Solved: Re: de-dup array - Page 2

mkeintz · Posted 08-16-2012 03:35 PM

You have a list of phone numbers. Lets assume they are in character format (each length $10), and that you don't care if the resulting de-duped phone numbers are in any particular order.

Then (this is untested):

data want (drop=_:);

set have;

array ph {*} $ phone1-phone4;

length _list $60;

do _P=1 to dim(ph);

if ph{_P}=' ' then ;

else if _list=' ' then _list=ph{_P};

else if index(cats('!',_list,'!'), cats('!',ph{_P},'!') )=0 then _list=catx('!',_list,ph{_P});

ph{_P}=' ';

end;

if _list ^=' ' then do _P=1 to countw(_list,'!');

ph{_P}=scan(_list,_P,'!');

end;

run;

What this does is scan the list of phone values and lists them, one at a time, in an exclamation-delimited character variable (_LIST). But it only adds a number if it is not already in _LIST (bounding by exclamation mark makes the task of checking for dupes much easier). Then it takes the values in _LIST, and puts them back into the original phone number variables, with dupes removed, and "left-justified".

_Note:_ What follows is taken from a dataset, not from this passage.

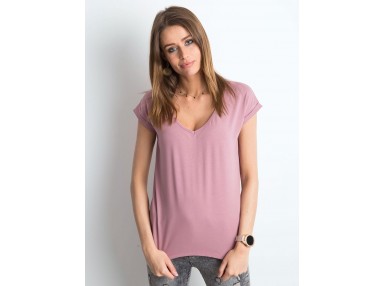 T-shirt moulant à col V - rose foncé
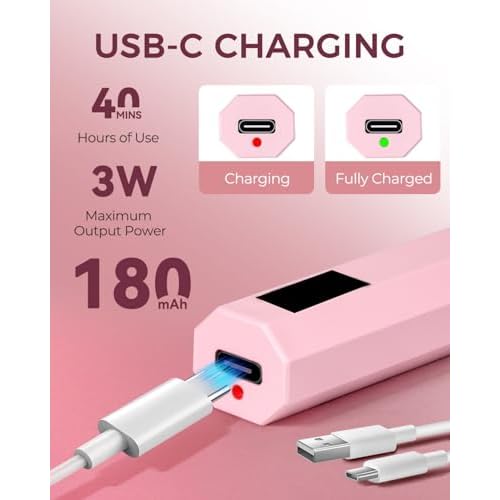 UV Nail Light Handheld UV Light for Nails 3W Portable Led Lamp with 2 Timer Settings 20/60s for Gel Polish Home DIY Salon Women(Pink)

By the way, if the phone values are numeric, you'd only have to change the following (also untested).

array ph {*} phone1-phone4; **drop the $ sign **;

ph{_P}=input(scan(_list,_P,'!'),best10.); ** instead of ph{_P}=scan(_list,_P,'!') **;

--------------------------
The hash OUTPUT method will overwrite a SAS data set, but not append. That can be costly. Consider voting for Add a HASH object method which would append a hash object to an existing SAS data set

Would enabling PROC SORT to simultaneously output multiple datasets be useful? Then vote for
Allow PROC SORT to output multiple datasets

--------------------------

chang_y_chung_hotmail_com · Posted 08-16-2012 06:07 PM

If the maximum possible number of phones (per person) is small enough, then the simplest approach works fastest.

/* test data set */
data one;
    input id $ phone1-phone3;
cards;
A 111 222 111
B . 444 444
C 111 . 222
;
run;

/* dedup phone numbers within a person -- straight-forward approach */
%macro missout1(max);
    %local i j;
    %do i = &max. %to 2 %by -1;
      %*;if
      %do j = 1 %to %eval(&i - 1);
        %if &j > 1 %then %*; |;
        %*; phone&i = phone&j
      %end;
      %*; then phone&i = .;
    %end;
%mend missout1;
data chang1;
    set one;
    %missout1(3)
run;
proc print data=chang1;
run;
/* on lst
Obs    id    phone1    phone2    phone3
    1    A      111      222        .
    2    B        .      444        .
    3    C      111        .      222
*/

/* an alternative solution using overlapping definition of
    arrays -- inspired by Ksharp^s solution using "in" operator,
    and by Art297^s reversed array definition */
%macro missout2(max);
    %local i j;
    %do i = 1 %to &max;
      array p&i.

phone&

i. - phone1;
    %end;
    %do i = &max %to 2 %by -1;
      %let j = %eval(&i - 1);
      if p&i[1] in p&j. then p&i[1] = .;
    %end;
%mend missout2;
data chang2;
    set one;
    %missout2(3)
run;

/* check */
proc compare base=chang1 compare=chang2;
run;
/* on lst
NOTE: No unequal values were found. All values compared are exactly equal.
*/

art297 · Posted 08-16-2012 06:58 PM

Chang,

I still have to update my original post with what I think is correct code, but thought I should first respond to your post. This thread is definitely getting interesting!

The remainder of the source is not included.